Right now the focus remains on the awful situation in Ukraine, but the spectre of sustained inflation means serious discontent is rumbling the world over. Predictions of a ‘new Arab Spring’ might be premature, but it is notable that in recent weeks there have been protests against rising food prices from Panama to Egypt, Albania to Sri Lanka – a situation exacerbated by the invasion of Ukraine, which is one of the world’s biggest exporters of both wheat and sunflower oil.
The Covid situation in China, where 37 million people are now in lockdown, is another big concern. That presages not just a public health emergency, in a country where vaccination rates are lower than here, but yet more growth-sapping turmoil in global supply chains.
With all that in mind, few would envy Rishi Sunak’s task when he delivers the Spring Statement on Wednesday. This was supposed to be a brisk assessment of the public finances, possibly with a few bells and whistles tacked on to perk up the Government’s poll ratings. So severe are the looming cost of living pressures, however, that this has now become a vital mini-Budget.
Although Sunak talked yesterday about his ‘mission’ to cut taxes, there is unfortunately little sign of a u-turn on raising National Insurance. Short of scrapping the rise, perhaps the Treasury will take up the suggestion of our Centre for Policy Studies colleagues and increase the NICs threshold – that would at least mean those on average incomes and below won’t see any increase in their tax bill.
In a similar vein – as my colleague James Heywood noted this week – even if Sunak cannot ‘wave a magic wand’, especially when it comes to energy costs, he can help the worst off households by pegging benefits more closely to inflation.

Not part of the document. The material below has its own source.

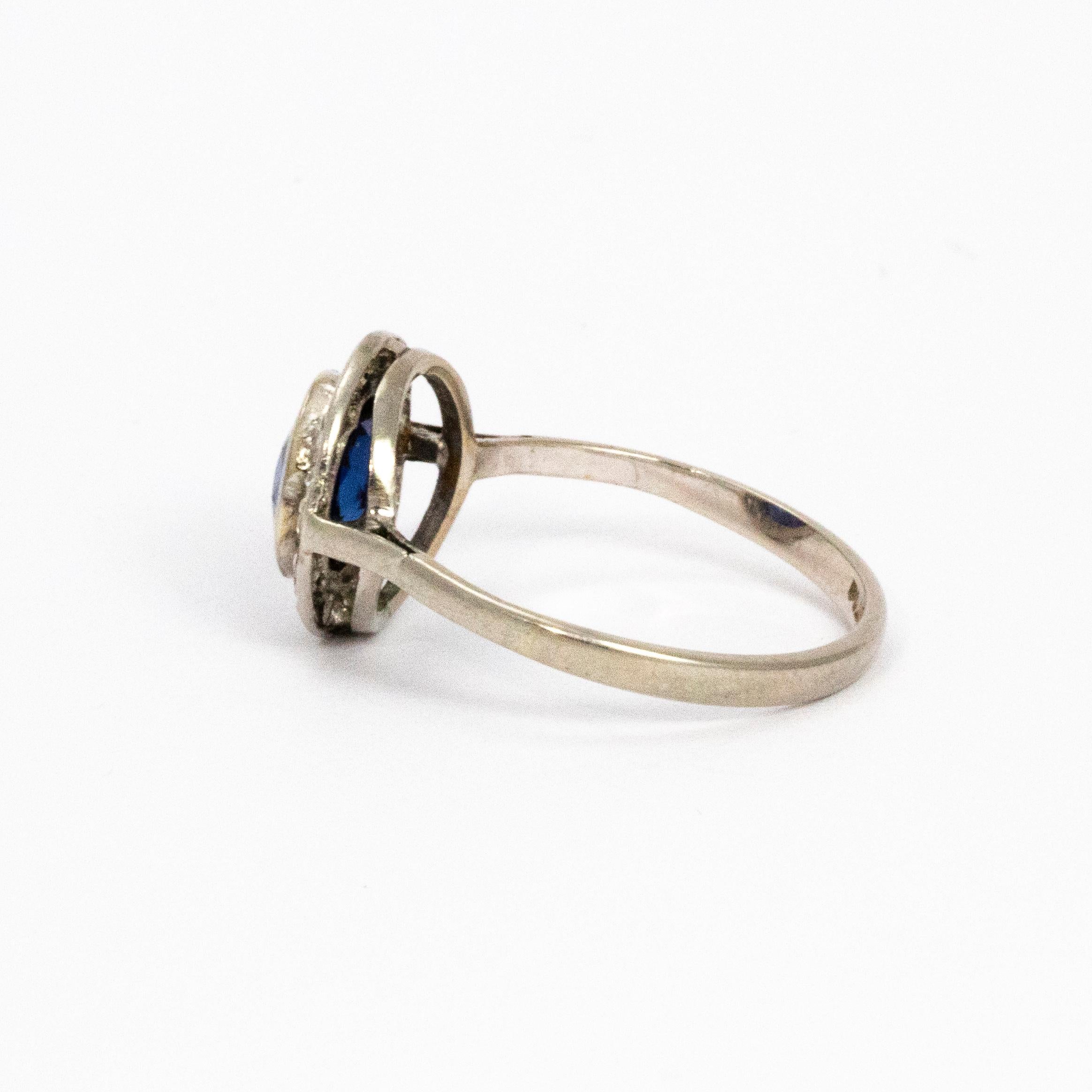 Edwardian Sapphire and Diamond Platinum Ring In Good Condition In Chipping Campden, GB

The current system of basing increases on the inflation rate six months ago simply isn’t fit for purpose at a time of rapidly increasing prices. Indeed, a 3.1% uprating at a time of 8% inflation is an effective cut of £10bn in the welfare budget, which even the most ardent fiscal hawks would probably concede is ill-advised at this time.
But though the tendency is always to announce more policy – another review, or a new taskforce (we now have a ‘cost of living unit’ on the way) – the Government could also do good by paring back some of what it has previously announced.

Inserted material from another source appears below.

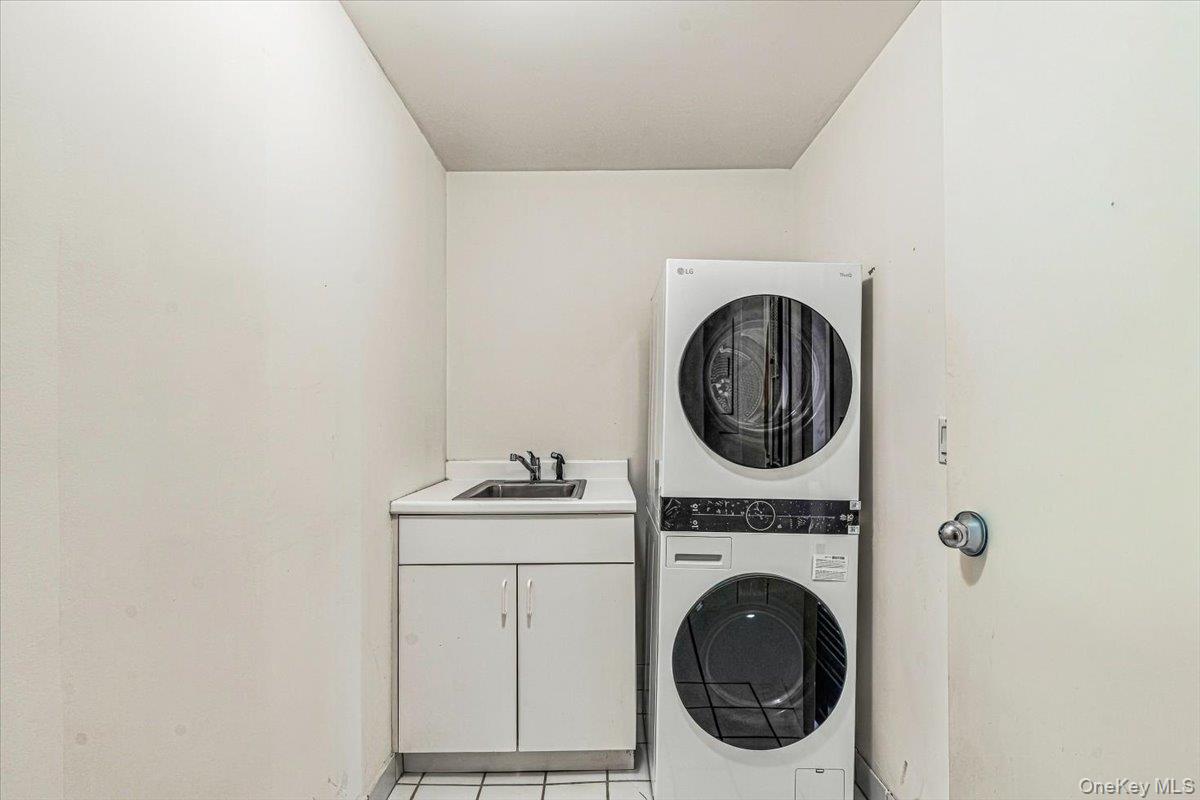 100 Hilton Avenue, Unit 707 photo 14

Take corporate taxation. The ‘super-deduction’ on new plant and machinery announced last year was very welcome, but it is offset almost exactly by the thumping rise in corporation tax that kicks in from 2023. Might it not be simpler to have a slightly less ‘super’ but permanent relief for business investment, and dial down those tax rises (especially given the Chancellor’s stated mission to reduce them)?
They should also urgently rethink the Online Safety Bill, which was published this week. Although the legislation has been primarily debated in terms of free speech and censorship, its potential economic effects are just as worrisome. As Sam Dumitriu wrote on CapX, extensive requirements for risk assessments and transparency reports promise to strangle tech startups with red tape, just when we need our most innovative firms firing on all cylinders.
So although there’s only so much a British government can do about those global economic haymakers, the very least we should aim for is not to box ourselves into a corner.